• TASK:
Below, find the line containing "I pee all over the bathroom floor." and the line containing "Premium Poster of"; reproduce exactly those two and every line between them, omitting pictures.

• DATA PROVIDED:
=====

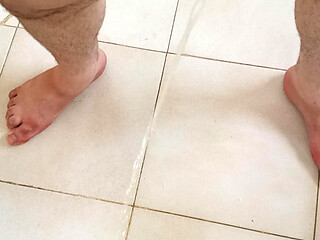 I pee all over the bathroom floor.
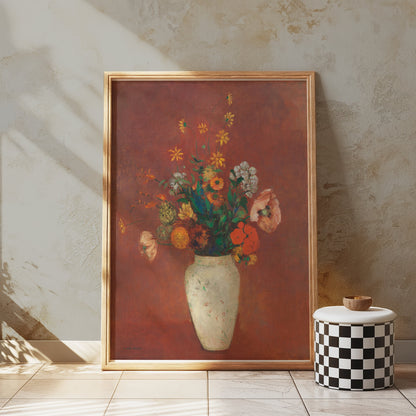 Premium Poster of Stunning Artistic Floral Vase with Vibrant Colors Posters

=====

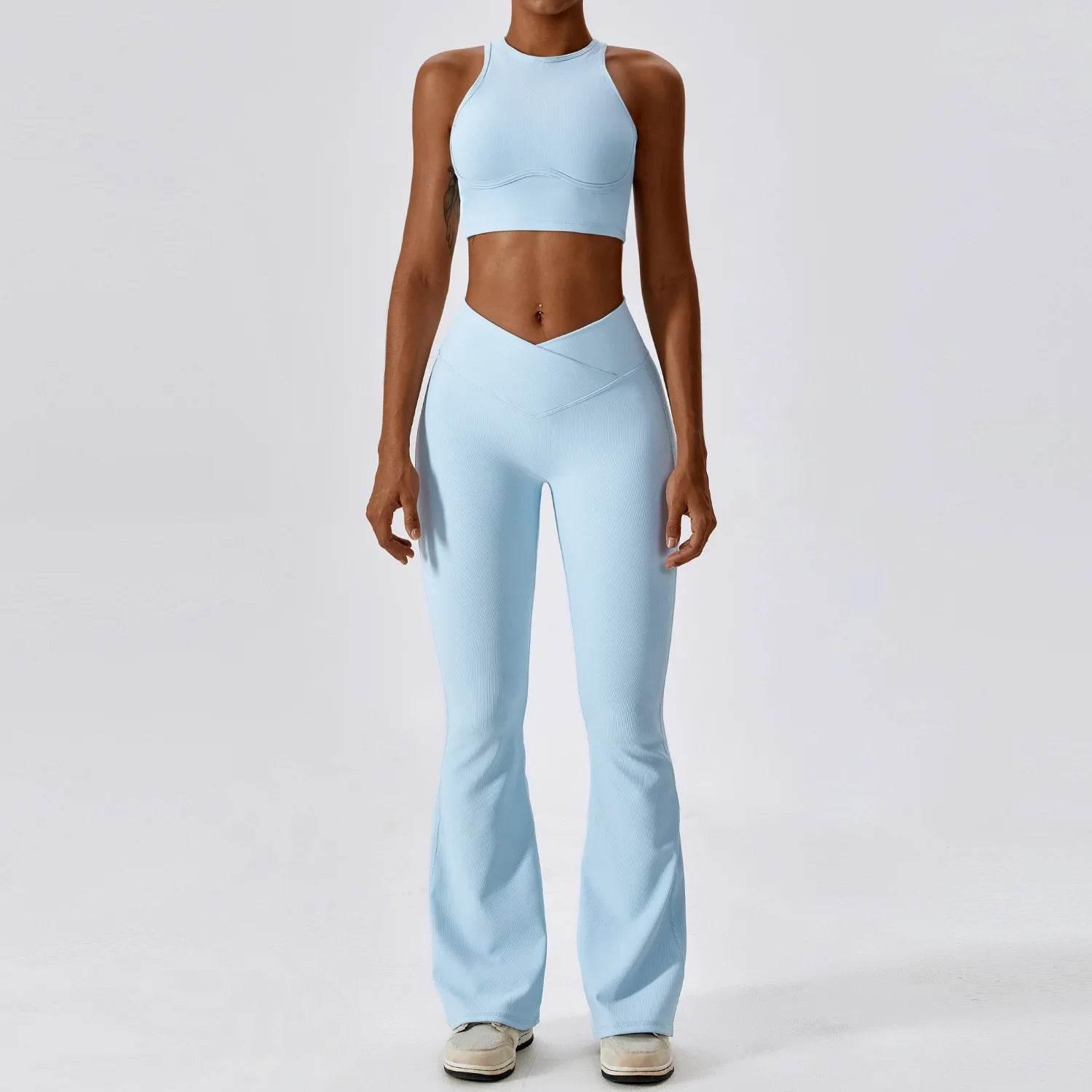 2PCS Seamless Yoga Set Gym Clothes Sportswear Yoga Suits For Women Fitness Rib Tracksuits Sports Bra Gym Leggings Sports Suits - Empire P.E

=====

• WRITTEN SOLUTION:
 I pee all over the bathroom floor.
 Premium Poster of Stunning Artistic Floral Vase with Vibrant Colors Posters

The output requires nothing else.